2009 seçimlerindeki meclis çoğunluğu Hizbullah'ın Lübnan halkına silah doğrultmaya başladıktan ve kendi taraftarları için endişe eden Dürzi lider Velid Canpolat'ın 14 Mart grubundan ayrılıp Necip Mikati başkanlığında kurulan İran yanlısı bir partinin hükümetine katılmasına zorlamasından sonra artık yok olmaya başladı. Bu nedenle Tahran sunduğu projesine karşı direnen bir Lübnan halkı buldu. Çünkü Zahle'ye giden büyükelçi önümüzdeki otuz yıl içinde milyarlarca dolar yatırım yapmayı hedefledikleri proje için halkı ikna etmeye çalışırken aslında tek hedefi Lübnan'daki Şii toplumunun tabiatını değiştirmek ve Lübnan ekonomisine zarar vermekten başka bir şey olmadığı artık anlaşılabiliyordu
İran çok aceleci davranıyor. Bunu kendi kurduğu Necip Mikati hükümetinin, Suriye rejimiyle ters düştüğü için düşürülen eski başkan Saad Hariri'nin reddettiği şeyi gerçekleştirmedeki beceriksizliği ortaya koyuyor. Çünkü Saad Hariri Lübnanlı bir Arap... Ve özgür. Her şeyden önce o özgür bir adam. Bu nedenle Tahran'dan gelen iki ülke arasındaki vizelerin kaldırılması talebini reddetti. Bu nedenle "İslam Cumhuriyeti" ile ortak savunma işbirliği yapmayı ve İran'ın Lübnan ekonomisine doğrudan müdahalesini reddetti.

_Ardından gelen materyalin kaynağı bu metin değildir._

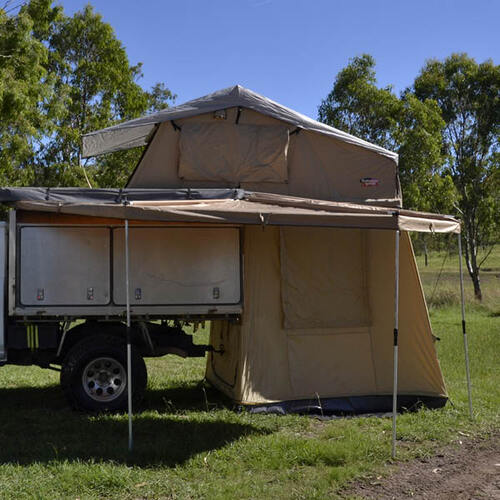 Dobinsons Deluxe Roof Top Tent (with Change Room)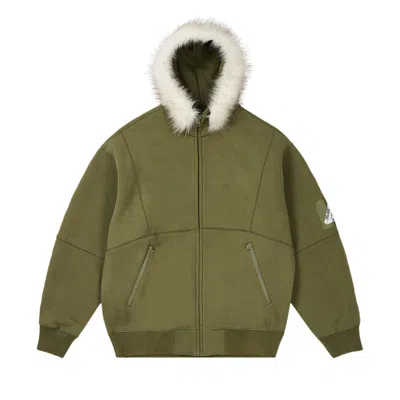 Pre-owned Palace Arctic Hood 'the Deep Green' | Men's Size L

Necip Mikati hükümetinin ilk yaptığı uygulamalardan biri İran vizesini kaldırmak ve özellikle körfez ülkeleri vatandaşlarının Lübnan ziyareti olmak üzere Arapların ülkeye girişini tehdit eden engelleri göz ardı etmek oldu. Ortak savunma anlaşmalarında ise, hükümet İran'ın Lübnan'dan kalkıp İsrail'in hassas bölgelerinde casus uçuş yapan "Eyüp uçağı" ile ilgili fotoğrafları İran medyasına vererek Tahran'daki ilgililere sunulduğunu ve bu şekilde İran'ın arkasında durduğunu göstermesiyle ispatlanmış oldu.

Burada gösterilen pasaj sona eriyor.